[DATA FOR THIS EXERCISE — start]
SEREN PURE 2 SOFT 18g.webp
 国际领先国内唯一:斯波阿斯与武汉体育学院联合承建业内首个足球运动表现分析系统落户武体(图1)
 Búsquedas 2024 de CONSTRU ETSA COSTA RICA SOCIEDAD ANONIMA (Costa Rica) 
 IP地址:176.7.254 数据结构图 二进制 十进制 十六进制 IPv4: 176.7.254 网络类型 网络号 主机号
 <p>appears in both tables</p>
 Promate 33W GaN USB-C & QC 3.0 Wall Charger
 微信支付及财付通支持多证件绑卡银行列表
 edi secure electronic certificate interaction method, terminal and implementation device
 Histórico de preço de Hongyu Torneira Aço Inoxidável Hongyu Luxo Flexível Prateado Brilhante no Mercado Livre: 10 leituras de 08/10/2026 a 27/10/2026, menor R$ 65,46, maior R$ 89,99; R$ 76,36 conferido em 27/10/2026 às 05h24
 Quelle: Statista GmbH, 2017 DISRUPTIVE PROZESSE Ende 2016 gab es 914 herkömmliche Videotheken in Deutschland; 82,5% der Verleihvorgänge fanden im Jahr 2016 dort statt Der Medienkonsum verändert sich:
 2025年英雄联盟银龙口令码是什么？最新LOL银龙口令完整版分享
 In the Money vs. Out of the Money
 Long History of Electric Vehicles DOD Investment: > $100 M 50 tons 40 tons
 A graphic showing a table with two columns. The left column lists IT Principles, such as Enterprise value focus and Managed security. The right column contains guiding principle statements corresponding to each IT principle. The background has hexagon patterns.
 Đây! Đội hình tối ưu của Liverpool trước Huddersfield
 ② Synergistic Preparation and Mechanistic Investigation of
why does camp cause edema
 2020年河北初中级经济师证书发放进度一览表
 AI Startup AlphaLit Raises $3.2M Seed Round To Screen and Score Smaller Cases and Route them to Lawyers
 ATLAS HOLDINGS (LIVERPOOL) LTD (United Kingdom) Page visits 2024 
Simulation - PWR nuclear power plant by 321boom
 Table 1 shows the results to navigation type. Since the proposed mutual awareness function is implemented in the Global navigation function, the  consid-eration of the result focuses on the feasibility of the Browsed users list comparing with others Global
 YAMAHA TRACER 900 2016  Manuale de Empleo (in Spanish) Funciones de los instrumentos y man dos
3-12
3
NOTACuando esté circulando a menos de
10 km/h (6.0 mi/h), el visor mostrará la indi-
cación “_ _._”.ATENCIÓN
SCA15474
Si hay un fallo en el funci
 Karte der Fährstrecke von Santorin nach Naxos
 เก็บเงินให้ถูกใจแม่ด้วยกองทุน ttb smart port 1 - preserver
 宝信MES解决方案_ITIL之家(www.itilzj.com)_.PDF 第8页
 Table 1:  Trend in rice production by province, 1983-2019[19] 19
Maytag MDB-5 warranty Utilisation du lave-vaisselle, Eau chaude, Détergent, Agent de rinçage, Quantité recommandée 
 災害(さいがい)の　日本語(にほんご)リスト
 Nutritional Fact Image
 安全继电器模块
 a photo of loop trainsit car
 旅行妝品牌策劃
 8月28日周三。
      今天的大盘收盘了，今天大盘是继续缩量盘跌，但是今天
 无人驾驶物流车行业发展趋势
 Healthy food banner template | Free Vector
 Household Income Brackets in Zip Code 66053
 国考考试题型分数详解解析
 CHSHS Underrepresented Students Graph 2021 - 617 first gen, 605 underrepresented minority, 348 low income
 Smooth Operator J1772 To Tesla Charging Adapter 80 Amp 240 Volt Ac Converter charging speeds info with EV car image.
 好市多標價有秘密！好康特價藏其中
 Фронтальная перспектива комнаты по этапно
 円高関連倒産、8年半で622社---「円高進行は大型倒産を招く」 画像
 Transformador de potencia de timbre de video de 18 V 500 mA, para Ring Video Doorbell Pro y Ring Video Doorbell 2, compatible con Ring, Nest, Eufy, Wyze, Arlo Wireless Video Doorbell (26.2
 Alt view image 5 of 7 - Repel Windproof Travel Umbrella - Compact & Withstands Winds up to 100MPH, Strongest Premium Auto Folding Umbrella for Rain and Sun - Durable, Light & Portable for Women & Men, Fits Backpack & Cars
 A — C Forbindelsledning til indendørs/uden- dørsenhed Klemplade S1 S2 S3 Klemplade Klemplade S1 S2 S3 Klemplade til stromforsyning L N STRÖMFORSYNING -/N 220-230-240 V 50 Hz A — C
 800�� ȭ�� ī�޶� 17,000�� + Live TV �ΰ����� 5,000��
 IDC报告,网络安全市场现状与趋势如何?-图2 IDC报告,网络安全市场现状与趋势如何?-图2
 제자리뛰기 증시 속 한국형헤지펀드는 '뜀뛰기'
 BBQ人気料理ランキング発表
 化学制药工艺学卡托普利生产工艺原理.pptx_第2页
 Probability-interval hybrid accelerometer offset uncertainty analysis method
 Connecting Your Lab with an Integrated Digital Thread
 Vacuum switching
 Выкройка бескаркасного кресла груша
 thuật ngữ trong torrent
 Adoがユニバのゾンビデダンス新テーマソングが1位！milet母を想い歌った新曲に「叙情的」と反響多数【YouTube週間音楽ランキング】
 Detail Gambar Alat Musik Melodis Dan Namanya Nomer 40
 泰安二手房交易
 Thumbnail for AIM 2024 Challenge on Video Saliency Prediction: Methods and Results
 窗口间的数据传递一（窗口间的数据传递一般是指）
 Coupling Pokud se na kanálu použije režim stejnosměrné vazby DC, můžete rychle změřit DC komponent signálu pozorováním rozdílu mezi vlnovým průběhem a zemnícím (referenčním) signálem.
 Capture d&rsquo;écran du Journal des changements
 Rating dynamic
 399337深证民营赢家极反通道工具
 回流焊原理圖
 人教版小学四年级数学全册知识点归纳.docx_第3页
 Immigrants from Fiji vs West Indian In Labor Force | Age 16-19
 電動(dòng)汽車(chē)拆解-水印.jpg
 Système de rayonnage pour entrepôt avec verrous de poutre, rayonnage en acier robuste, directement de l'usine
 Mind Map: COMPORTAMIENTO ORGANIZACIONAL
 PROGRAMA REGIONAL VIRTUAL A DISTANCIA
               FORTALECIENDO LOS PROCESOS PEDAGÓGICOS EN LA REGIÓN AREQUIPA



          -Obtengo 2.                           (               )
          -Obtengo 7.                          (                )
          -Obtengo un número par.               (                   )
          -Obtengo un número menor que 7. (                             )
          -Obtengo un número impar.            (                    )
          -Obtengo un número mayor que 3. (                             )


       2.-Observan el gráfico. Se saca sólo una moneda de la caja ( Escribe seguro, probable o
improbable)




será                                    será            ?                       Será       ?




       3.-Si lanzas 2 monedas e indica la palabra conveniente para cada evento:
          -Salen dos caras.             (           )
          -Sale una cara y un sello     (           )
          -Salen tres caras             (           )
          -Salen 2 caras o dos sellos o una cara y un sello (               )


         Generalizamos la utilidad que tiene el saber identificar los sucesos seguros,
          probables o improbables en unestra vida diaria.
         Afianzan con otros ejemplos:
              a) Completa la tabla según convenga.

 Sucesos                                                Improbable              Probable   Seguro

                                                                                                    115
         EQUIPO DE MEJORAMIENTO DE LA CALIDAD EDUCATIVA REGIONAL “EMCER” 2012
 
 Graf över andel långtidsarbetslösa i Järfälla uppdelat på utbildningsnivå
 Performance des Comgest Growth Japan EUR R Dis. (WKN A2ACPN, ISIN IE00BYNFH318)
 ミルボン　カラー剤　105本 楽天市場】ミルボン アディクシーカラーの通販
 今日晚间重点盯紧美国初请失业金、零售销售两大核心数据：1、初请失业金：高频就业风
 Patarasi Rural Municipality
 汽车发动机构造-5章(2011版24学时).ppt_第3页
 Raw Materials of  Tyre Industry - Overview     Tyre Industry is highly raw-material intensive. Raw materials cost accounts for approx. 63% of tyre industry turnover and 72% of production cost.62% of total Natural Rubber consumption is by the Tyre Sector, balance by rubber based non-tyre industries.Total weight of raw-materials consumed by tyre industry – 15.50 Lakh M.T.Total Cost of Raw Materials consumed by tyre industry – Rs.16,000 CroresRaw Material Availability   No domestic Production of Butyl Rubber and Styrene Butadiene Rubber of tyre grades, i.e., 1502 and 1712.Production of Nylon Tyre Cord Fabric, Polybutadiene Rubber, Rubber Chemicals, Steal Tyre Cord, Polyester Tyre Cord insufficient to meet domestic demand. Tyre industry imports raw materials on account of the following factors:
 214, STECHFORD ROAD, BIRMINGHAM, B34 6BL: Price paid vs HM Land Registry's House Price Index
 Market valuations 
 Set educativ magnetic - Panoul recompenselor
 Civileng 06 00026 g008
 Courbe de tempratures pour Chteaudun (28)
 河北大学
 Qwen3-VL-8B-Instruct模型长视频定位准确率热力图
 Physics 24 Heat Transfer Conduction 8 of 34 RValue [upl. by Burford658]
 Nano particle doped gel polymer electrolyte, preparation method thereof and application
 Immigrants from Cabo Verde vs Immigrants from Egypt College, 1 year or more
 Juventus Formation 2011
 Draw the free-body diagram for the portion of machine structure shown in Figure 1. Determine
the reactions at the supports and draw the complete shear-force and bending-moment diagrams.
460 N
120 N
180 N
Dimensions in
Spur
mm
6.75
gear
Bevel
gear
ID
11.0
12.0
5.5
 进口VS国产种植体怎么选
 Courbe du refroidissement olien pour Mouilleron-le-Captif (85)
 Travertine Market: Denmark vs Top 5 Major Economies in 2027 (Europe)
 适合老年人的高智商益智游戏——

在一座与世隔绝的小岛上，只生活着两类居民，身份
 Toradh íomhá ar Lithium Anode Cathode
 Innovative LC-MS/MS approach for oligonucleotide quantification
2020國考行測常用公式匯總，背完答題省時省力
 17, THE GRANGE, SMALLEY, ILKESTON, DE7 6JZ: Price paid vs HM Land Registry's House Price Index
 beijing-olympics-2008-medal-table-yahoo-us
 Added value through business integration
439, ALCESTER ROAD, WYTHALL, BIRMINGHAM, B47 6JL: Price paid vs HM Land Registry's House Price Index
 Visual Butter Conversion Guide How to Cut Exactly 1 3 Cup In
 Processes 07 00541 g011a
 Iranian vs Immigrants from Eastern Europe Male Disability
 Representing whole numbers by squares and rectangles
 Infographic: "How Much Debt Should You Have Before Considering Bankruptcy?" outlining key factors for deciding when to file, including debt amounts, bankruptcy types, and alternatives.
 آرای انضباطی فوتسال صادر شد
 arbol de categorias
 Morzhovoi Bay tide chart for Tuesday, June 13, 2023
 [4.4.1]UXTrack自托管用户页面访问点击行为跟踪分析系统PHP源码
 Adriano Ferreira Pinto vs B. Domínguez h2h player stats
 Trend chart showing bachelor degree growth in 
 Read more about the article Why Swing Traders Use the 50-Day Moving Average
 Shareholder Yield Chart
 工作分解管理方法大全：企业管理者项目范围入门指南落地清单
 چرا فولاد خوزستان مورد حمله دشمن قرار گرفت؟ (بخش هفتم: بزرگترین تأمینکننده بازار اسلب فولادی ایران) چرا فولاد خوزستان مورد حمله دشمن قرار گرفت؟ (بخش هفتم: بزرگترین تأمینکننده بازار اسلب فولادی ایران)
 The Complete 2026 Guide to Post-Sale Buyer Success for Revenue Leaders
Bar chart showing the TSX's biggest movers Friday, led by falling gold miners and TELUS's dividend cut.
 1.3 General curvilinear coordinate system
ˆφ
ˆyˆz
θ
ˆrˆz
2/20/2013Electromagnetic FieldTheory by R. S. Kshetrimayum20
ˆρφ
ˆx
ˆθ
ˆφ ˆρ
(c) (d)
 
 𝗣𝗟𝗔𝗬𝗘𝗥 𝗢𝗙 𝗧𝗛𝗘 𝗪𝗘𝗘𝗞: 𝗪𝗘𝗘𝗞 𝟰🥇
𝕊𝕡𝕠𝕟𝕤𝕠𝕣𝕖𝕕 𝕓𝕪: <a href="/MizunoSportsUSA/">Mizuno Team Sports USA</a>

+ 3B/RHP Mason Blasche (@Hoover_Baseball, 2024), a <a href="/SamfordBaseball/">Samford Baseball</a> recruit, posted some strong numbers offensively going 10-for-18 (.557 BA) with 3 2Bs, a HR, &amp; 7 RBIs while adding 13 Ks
[DATA FOR THIS EXERCISE — finish]
EXERCISE PROMPT
Reproduce the entries above exactly, but only the lines between the line holding "NOTACuando esté circulando a menos de" and the line holding "今天的大盘收盘了，今天大盘是继续缩量盘跌，但是今天", inclusive.

SOLUTION TO THE EXERCISE
NOTACuando esté circulando a menos de
10 km/h (6.0 mi/h), el visor mostrará la indi-
cación “_ _._”.ATENCIÓN
SCA15474
Si hay un fallo en el funci
 Karte der Fährstrecke von Santorin nach Naxos
 เก็บเงินให้ถูกใจแม่ด้วยกองทุน ttb smart port 1 - preserver
 宝信MES解决方案_ITIL之家(www.itilzj.com)_.PDF 第8页
 Table 1:  Trend in rice production by province, 1983-2019[19] 19
Maytag MDB-5 warranty Utilisation du lave-vaisselle, Eau chaude, Détergent, Agent de rinçage, Quantité recommandée 
 災害(さいがい)の　日本語(にほんご)リスト
 Nutritional Fact Image
 安全继电器模块
 a photo of loop trainsit car
 旅行妝品牌策劃
 8月28日周三。
      今天的大盘收盘了，今天大盘是继续缩量盘跌，但是今天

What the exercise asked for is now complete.